There're different levels. Sure, maybe eating a potato chip is political, but it's not the same level of political as telling your child how to conduct themselves.

[–] [email protected] 3 points 59 minutes ago (1 children)
[–] [email protected] 3 points 48 minutes ago (1 children)

Bedtime struggle session when?

[–] [email protected] 3 points 44 minutes ago (2 children)

Go to bed because you're tired and I know you don't feel tired but remember when you didn't realise you were hungry until you ate? it's like that and also there's not any fun stuff to do today anymore, I am also going to bed soon. The sooner you go to sleep the sooner it'll be tomorrow and the sooner we can go out to play and have fun.
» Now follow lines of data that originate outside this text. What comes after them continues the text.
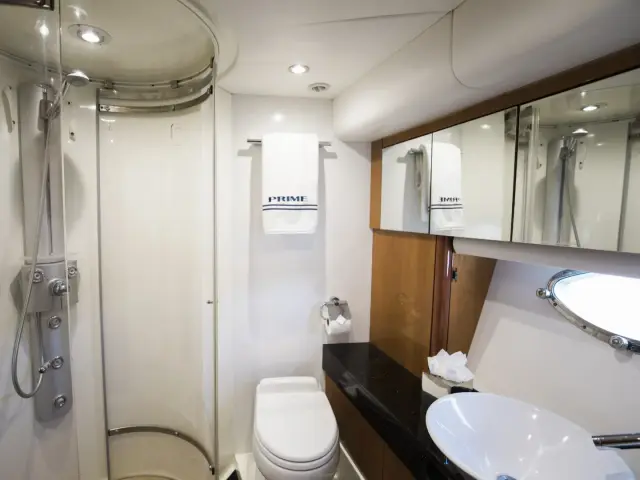 LION | Sunseeker Predator 72 — 11 / 18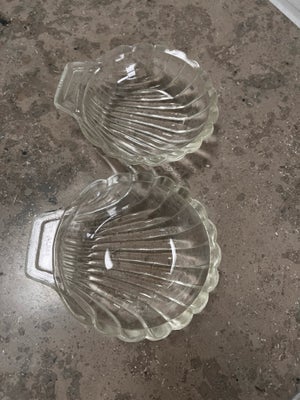 Glas, Muslinge glasskål, 2 små glas skåle 
Formet som en musling
D:10
L:11,5
Stk pris 45kr
Fine til 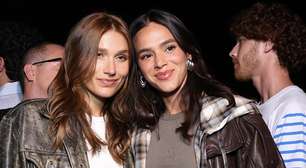 Marquezine e Sasha combinam look com jaqueta de couro e jeans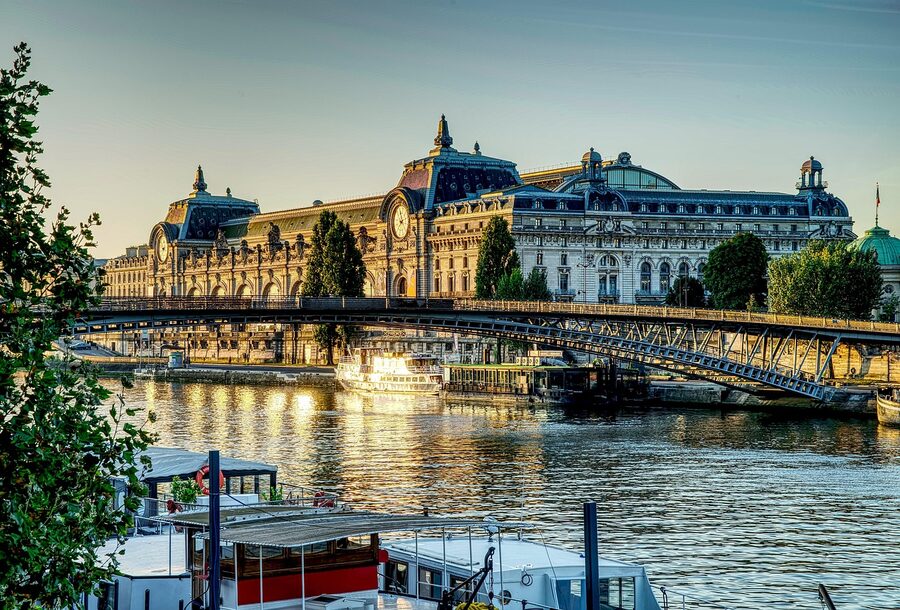 Bridge across the Seine to the Musée d'Orsay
Also I love our bedtimes where I get to read you your night-time story and I've really been looking forward to it, so can we please go to bed so I can read you the goodnight story?

[–] [email protected] 1 points 16 minutes ago

The rules-lawyering 4 year old in me has no genuine objections to this, guess it's bedtime!

[–] [email protected] 1 points 18 minutes ago

Have you considered that I don't wanna?

[–] [email protected] 2 points 50 minutes ago

The way families are constructed is political. That I have effectively absolute authority over my children, however I choose to use that power, is absolutely political. Marginalized people live under the threat of having their children stolen from them because they lack the social capital to avoid getting ensnared in the family regulation system. That children have such limited rights to begin with is political. The power relations that exist between a parent and a child, and the structural context those relations exist in, is very much political.